Slashdot Mirror


Harvard/MIT Student Creates GPU Database, Hacker-Style

First time accepted submitter IamIanB writes "Harvard Middle Eastern Studies student Todd Mostak's first tangle with big data didn't go well; trying to process and map 40 million geolocated tweets from the Arab Spring uprising took days. So while taking a database course across town at MIT, he developed a massively parallel database that uses GeForce Titan GPUs to do the data processing. The system sees 70x performance increases over CPU-based systems, and can out crunch a 1000 node MapReduce cluster, in some cases. All for around $5,000 worth of hardware. Mostak plans to release the system under an open source license; you can play with a data set of 125 million tweets hosted at Harvard's WorldMap and see the millisecond response time." I seem to recall a dedicated database query processor that worked by having a few hundred really small processors that was integrated with INGRES in the '80s.

3 of 135 comments (clear)

  1. and the most amazing thing by roman_mir · · Score: 4, Funny

    as the TFS states he uses GPUs to do the data processing, but you are never going to believe what he uses to store the actual data, you won't believe it, that's why it's not mentioned in TFS. Sure sure, it's PostgreSQL, but the way the data was stored physically was in the computer monitor itself. Yes, he punched holes in computer monitors with a chisel and used punch card readers to read those holes from the screens.

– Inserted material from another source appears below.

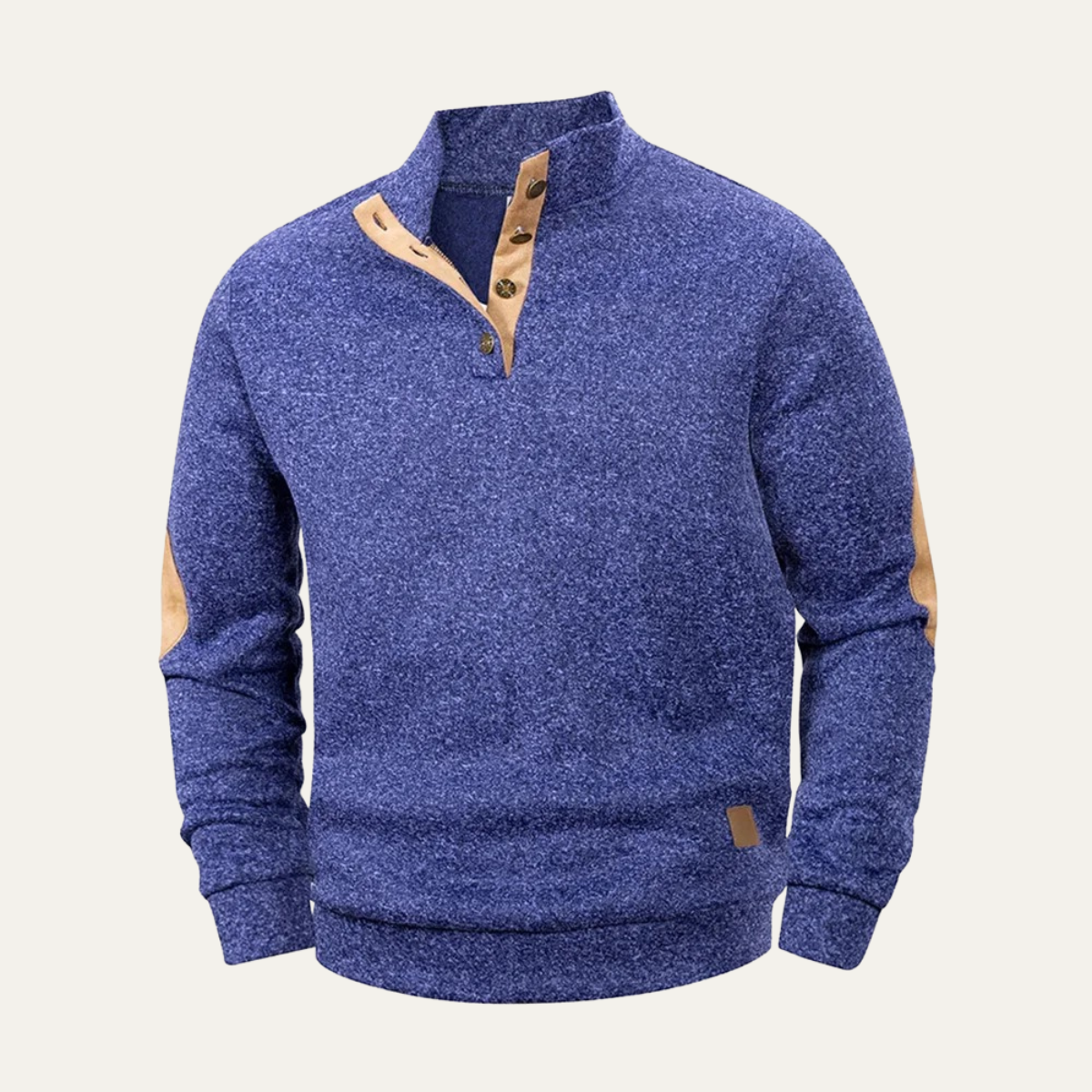 The Shanklin Men’s Casual Stand Collar Knitted Jumper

    1. Re:and the most amazing thing by eyenot · · Score: 4, Funny

      Mod parent up!

      Also: I heard he's using the printer port for commuication. By spooling tractor feed paper between two printers in a loop, and by stopping and starting simultaneous paper-feed jobs, he can create a cybernetic feedback between the two printers that results in a series of quickly occurring "error - paper jam" messages that (due to two taped-down "reset" buttons) are quickly translated from the wide bandwidth analog physical matrix into kajamabits of digital codes. The perceived bandwidth gain is much higher than just a single one or zero at a time.

      That way, he can access the mainframe any time, from any physical location, and it will translate directly into a virtual presence.

      --
      "Stratigraphically the origin of agriculture and thermonuclear destruction will appear essentially simultaneous" -- Lee
  2. Re:I'm not a computer scientist, and... by Anonymous Coward · · Score: 3, Funny

    Now however if your data is _independent_ then you can distribute the work out to each core.

    Let me translate this into a woman-baby analogy: if one woman can have a baby in 9 months, then 9 women can have 9 babies in 9 months. At first the challenge is joggling with the timing of dates and dividing the calendar for conception events as near as possible to each other to keep up the efficiency and synchronization. Afterwards the challenge is the alimony, paying up college and particularly the Thanksgiving, when the fruits of the labor come together.